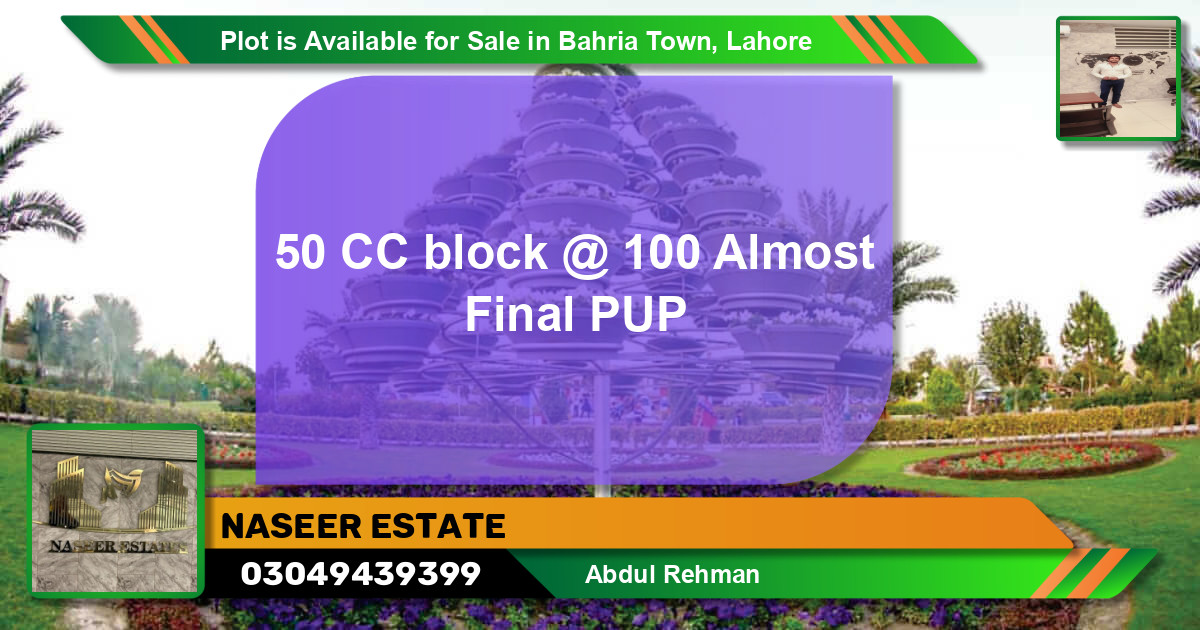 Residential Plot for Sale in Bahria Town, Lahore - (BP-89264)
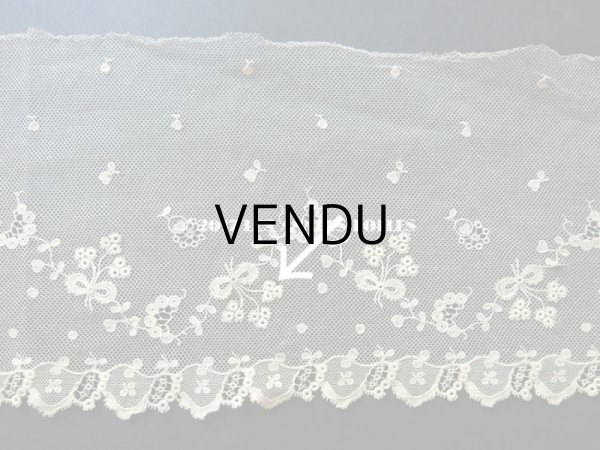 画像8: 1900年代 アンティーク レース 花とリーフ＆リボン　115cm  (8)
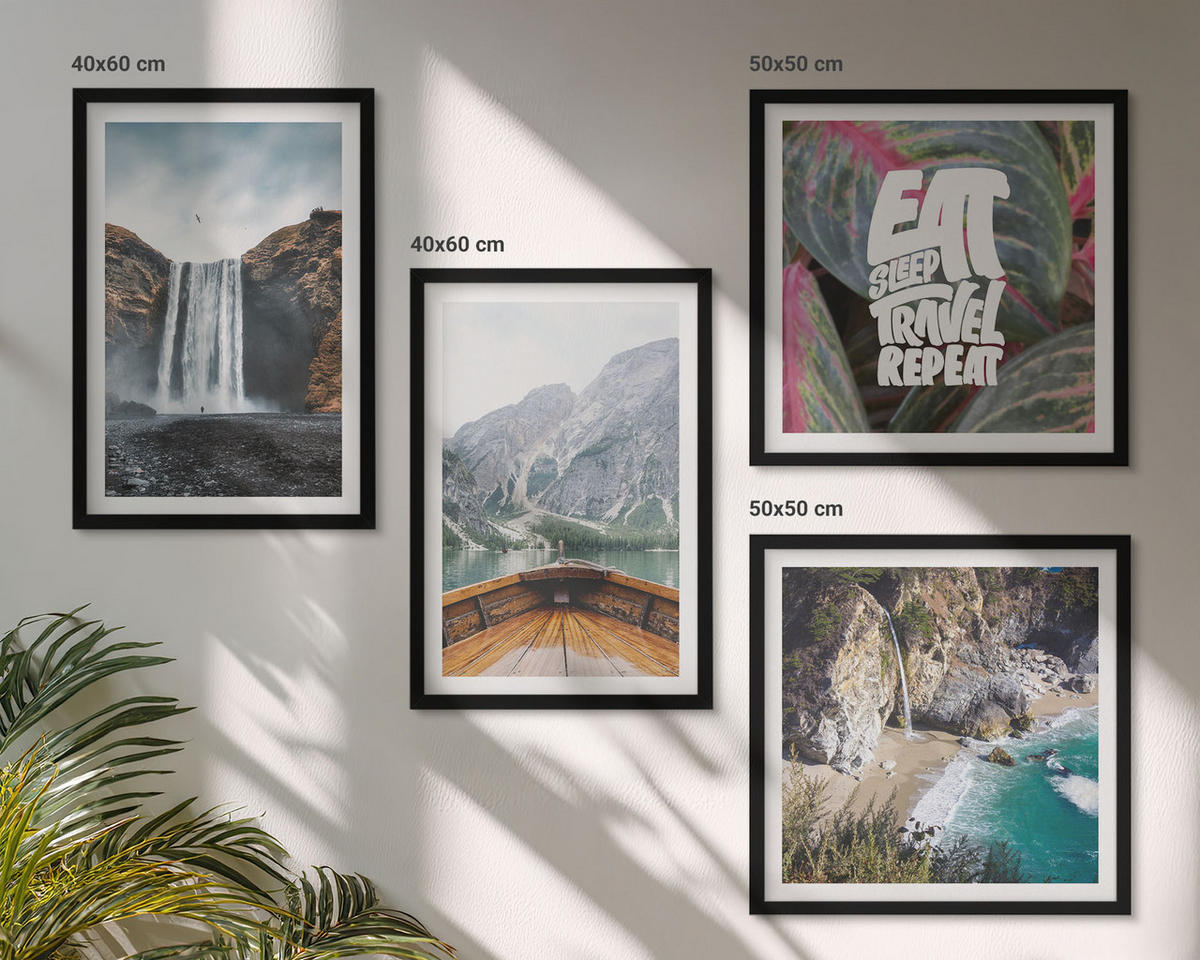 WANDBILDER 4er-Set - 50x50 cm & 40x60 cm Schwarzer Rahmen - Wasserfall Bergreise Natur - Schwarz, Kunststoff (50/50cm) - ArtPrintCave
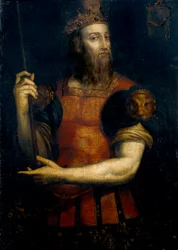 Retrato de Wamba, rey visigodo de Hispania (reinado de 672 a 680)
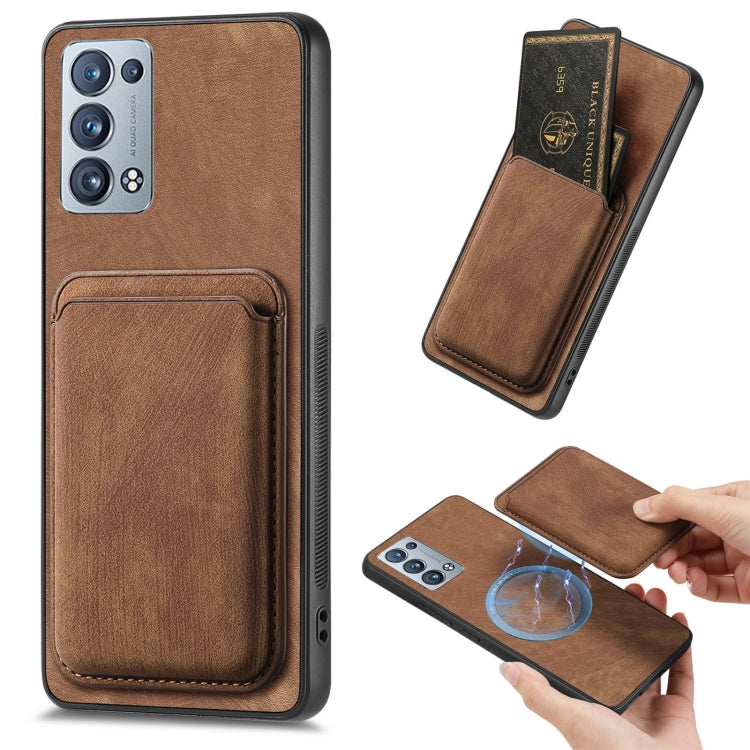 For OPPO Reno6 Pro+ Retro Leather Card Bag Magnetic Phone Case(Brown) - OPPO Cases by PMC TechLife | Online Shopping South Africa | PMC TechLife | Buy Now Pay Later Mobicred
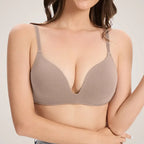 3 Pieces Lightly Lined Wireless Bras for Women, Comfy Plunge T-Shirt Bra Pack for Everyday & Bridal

▬▬▬

#### THE PROBLEM
Only what runs from the line with "For OPPO Reno6" through the last line of the listing above belongs in the answer, set down exactly and free of pictures.

#### ANSWER FOR THIS EXERCISE
 For OPPO Reno6 Pro+ Retro Leather Card Bag Magnetic Phone Case(Brown) - OPPO Cases by PMC TechLife | Online Shopping South Africa | PMC TechLife | Buy Now Pay Later Mobicred
 3 Pieces Lightly Lined Wireless Bras for Women, Comfy Plunge T-Shirt Bra Pack for Everyday & Bridal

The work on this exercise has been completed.